Amit Mahto serves as the director and country manager for Amazon Marketplace in Australia and Singapore. In this role, he oversees the growth and development of Amazon’s seller communities, focusing on empowering small and medium-sized businesses to thrive on the platform. Amazon Australia has experienced growth since its launch in December 2017, with 20 operational sites around Australia – a network of fulfilment centres and delivery stations – and around 7000 employees across the busines
businesses.
Today, Amazon has over 200 million items across 31 categories and more than 14,000 Australian businesses selling in Amazon’s stores, many of them SMEs that are building and growing their businesses with e-commerce, including over 3000 businesses based in regional Australia selling in Amazon stores globally.

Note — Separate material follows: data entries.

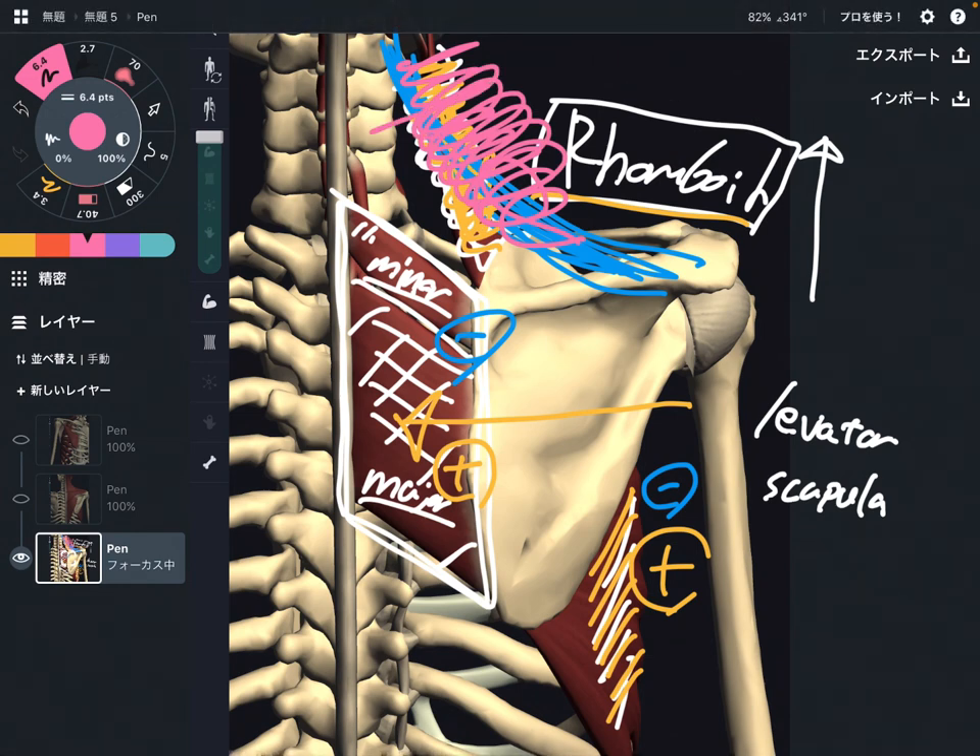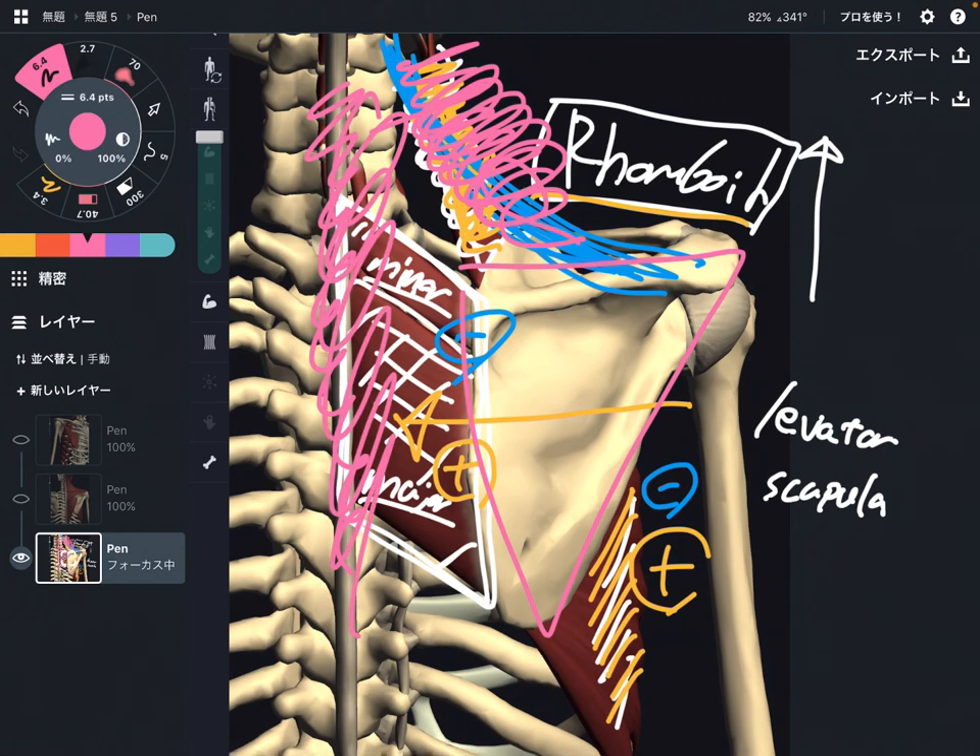Shoulder girdle muscles are very important for scapular movement and scapular stability. When these muscles are not working properly, that can lead to tightness of the scapula. Plus, since these muscles attach to the spines or ribcage, they can affect movement of the spines or breathing. If you liked today's video, please hit the like button, comment, and subscribe. See you in the next video.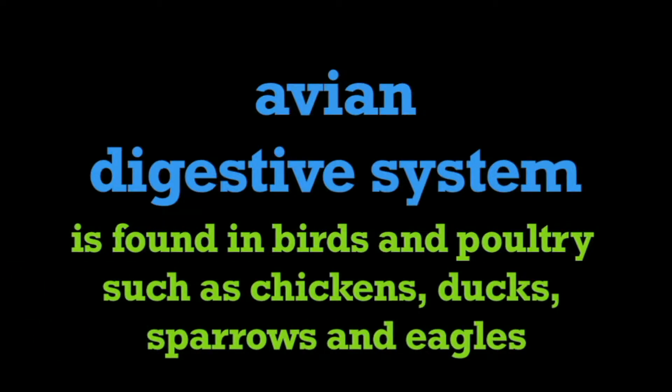In this program, we're going to learn about the avian digestive system. The avian digestive system is found in birds and poultry such as chickens, ducks, sparrows, and eagles.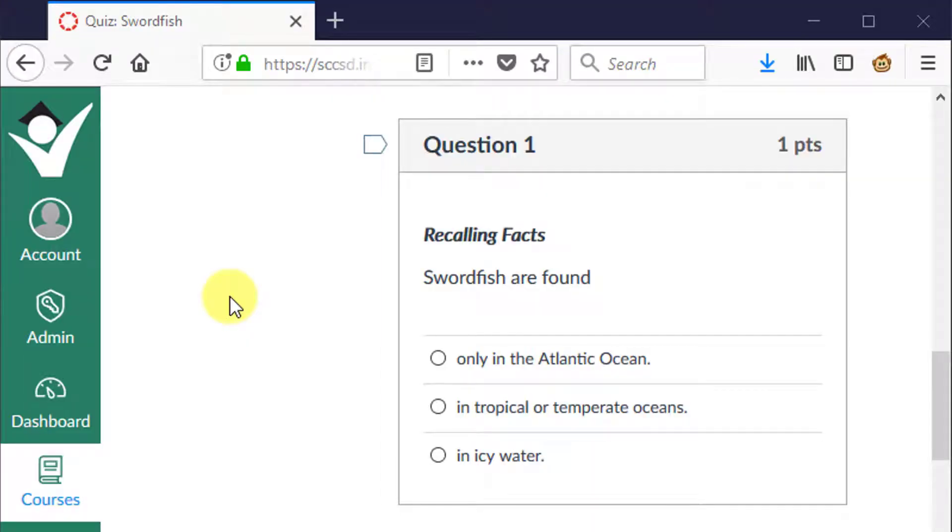Welcome to the quiz review of swordfish. Remember, the first five questions are recall, so we should be able to find them directly in the text.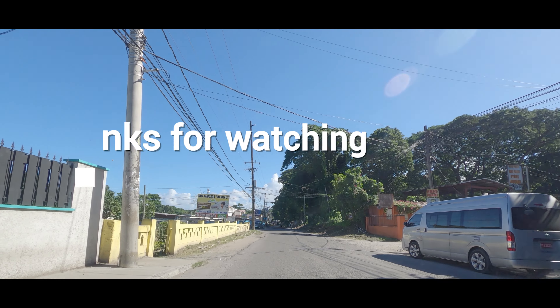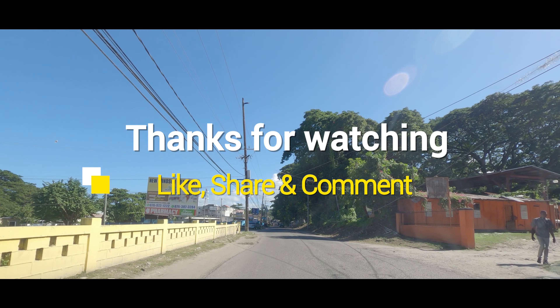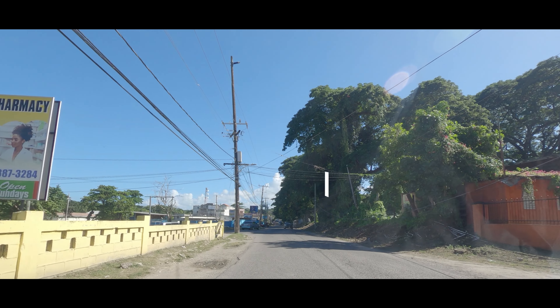Please remember to subscribe to In Jamaica, give us a like and share. Thank you all for watching.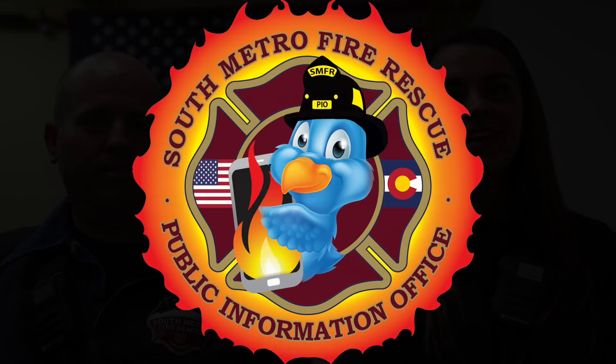As public information officers, our biggest job is making sure that we document what South Metro Fire Rescue does. We can do that in a variety of ways — pictures, video — but we also have amazing people who are experts at what they do to talk about and expand on that from the department. One of our most important jobs is responding to major incidents throughout the district and immediately relaying information to community members about what's going on, and also to our partners in the news media so they can get the word out.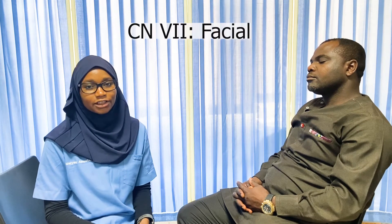Hello, welcome to part 2 of our cranial nerve examination. My name is Dr. Miriam. If you have not watched part 1, please make sure to watch that before you watch this video. In this video, we're going to start with cranial nerve 7, or the facial nerve.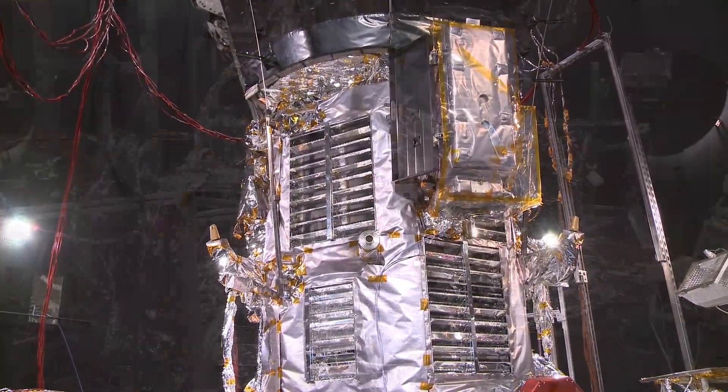During its mission, PSP will fly within 4 million miles of the sun. How do we test for these conditions?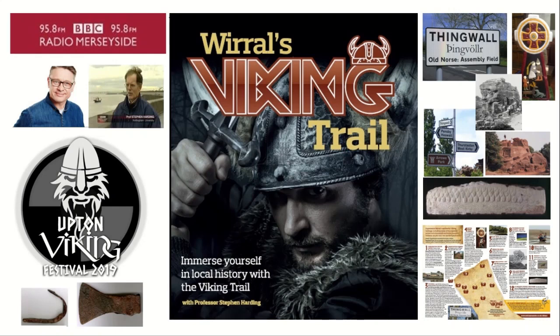Your music, your stories, your life. BBC Radio Merseyside.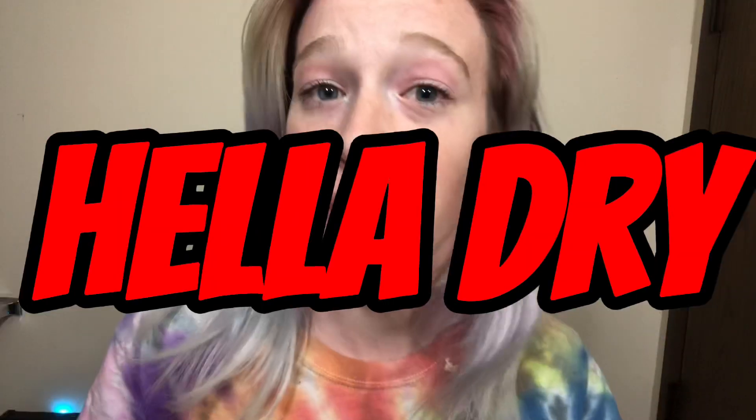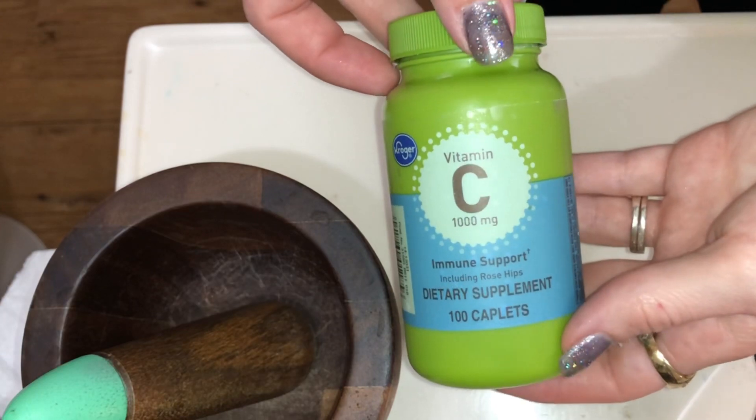If that sounds interesting, be sure to hit that subscribe button because I do stuff like this to my hair all the time. I'm gonna wet down my hair so it's easier to saturate and there's a little moisture in there, because it's gonna be in there for eight hours. I chose the Kroger tablets because I found those ones work the best. If you watch my other video — it's like 8 p.m. now.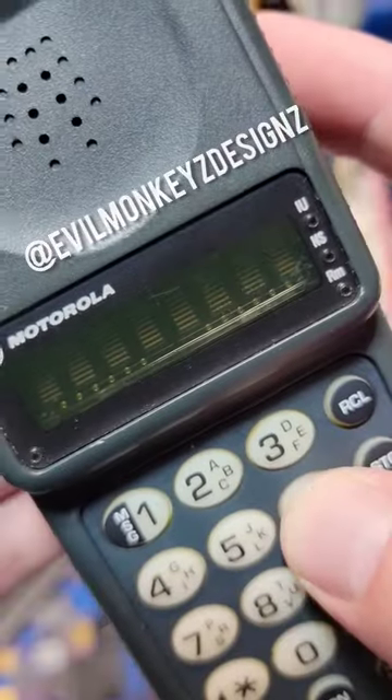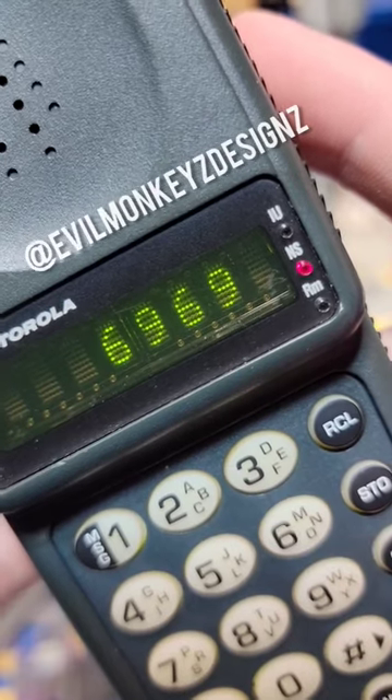Hey, it still works. It seems like all the buttons work too. Nice.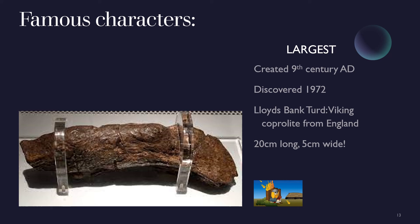From very small to very big: the Lloyds Bank coprolite is possibly the largest and most famous human paleo faeces found by archaeologists. It was discovered in 1972 in the Viking settlement of Jorvik, now York, in England. It measures 20 centimeters long and 5 centimeters wide. Tests show that the producer ate mostly meat and bread and had intestinal worms.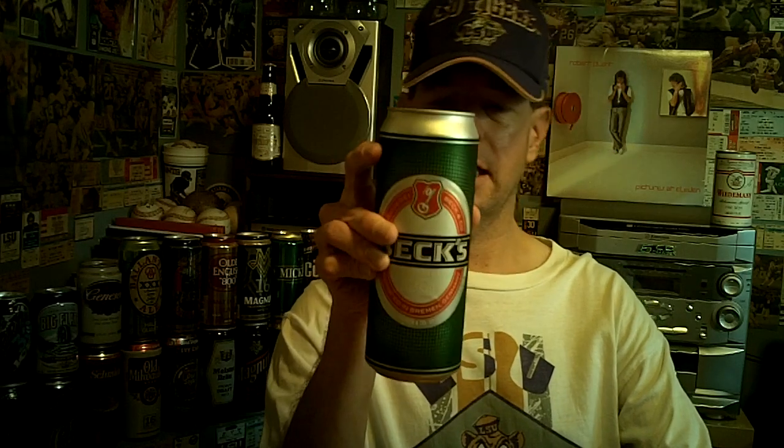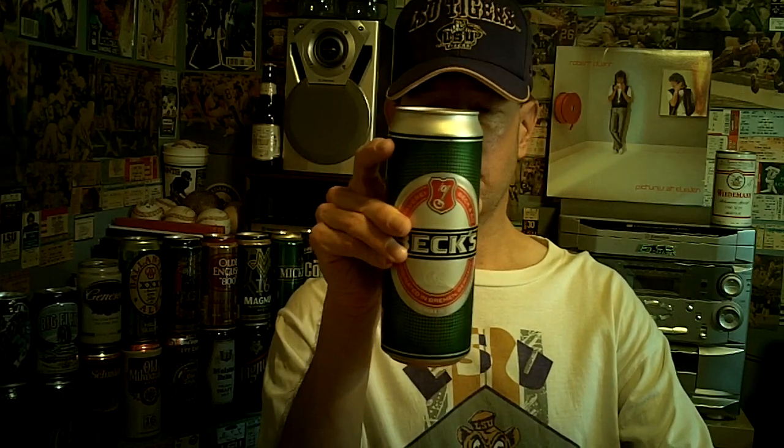It gets a C on Beer Advocate; the Bros gave it a C-. It gets a low rating on Rate Beer, and it gets a fine rating on Beer and Me. I had it once, maybe last year or the year before, and I thought it was very good — excellent, actually — but I'll try to be open-minded today. Let's see what this is like.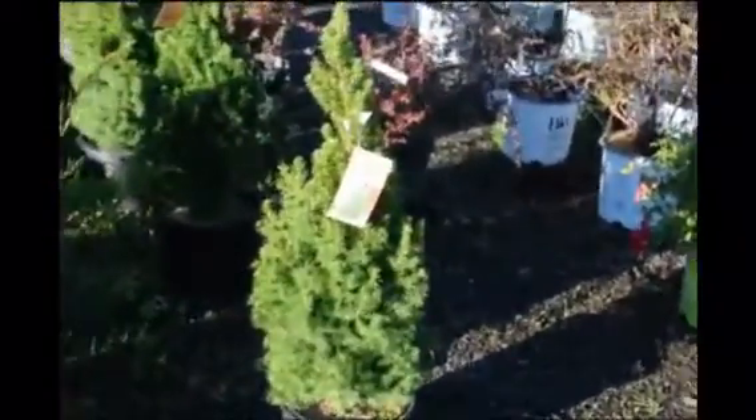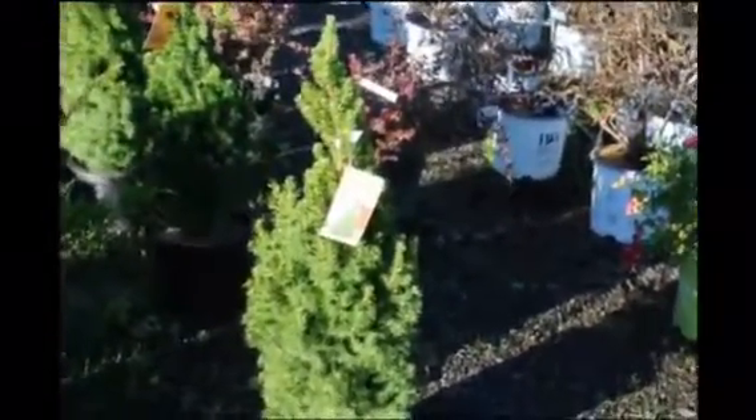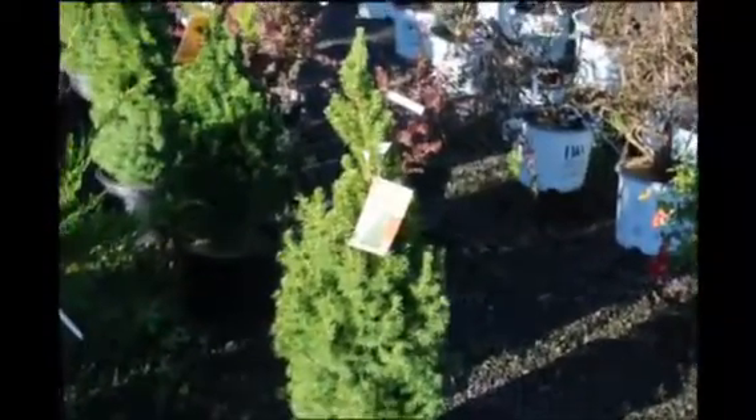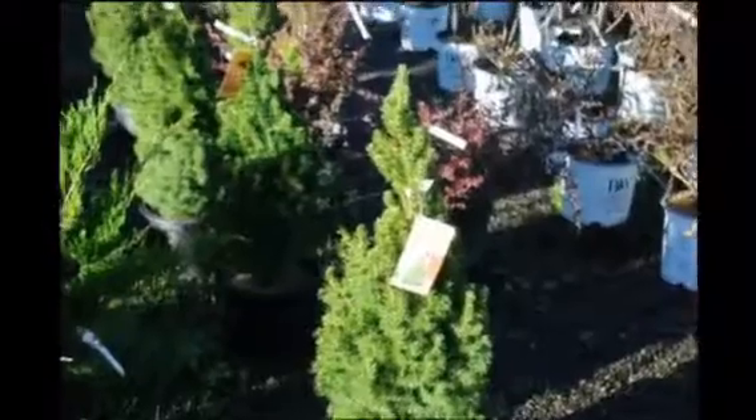This is a Dwarf Alberta Spruce at Highland Hole Farm. It is a very deer-resistant spruce. It's a dainty, small, compact spruce, and it's great at thresholds.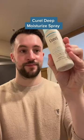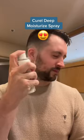I am obsessed with this Kurel Deep Moisture Spray, which has glycerin and ceramides to help support the skin barrier, and I found it so soothing just to use as much as I wanted to throughout the day.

Inside Retail: How would you explain your current leadership style, and do you think your team would use the same words to describe you?
Amit Mahto: My leadership style aligns with what’s often called ‘Founder’s Mode’ – a blend of strong vision, entrepreneurial drive, and deep personal investment in the company mission and our people. This is very much in line with Amazon’s ‘Day One’ philosophy, in which we operate with the agility, urgency, and customer obsession of a start-up, regardless of scale.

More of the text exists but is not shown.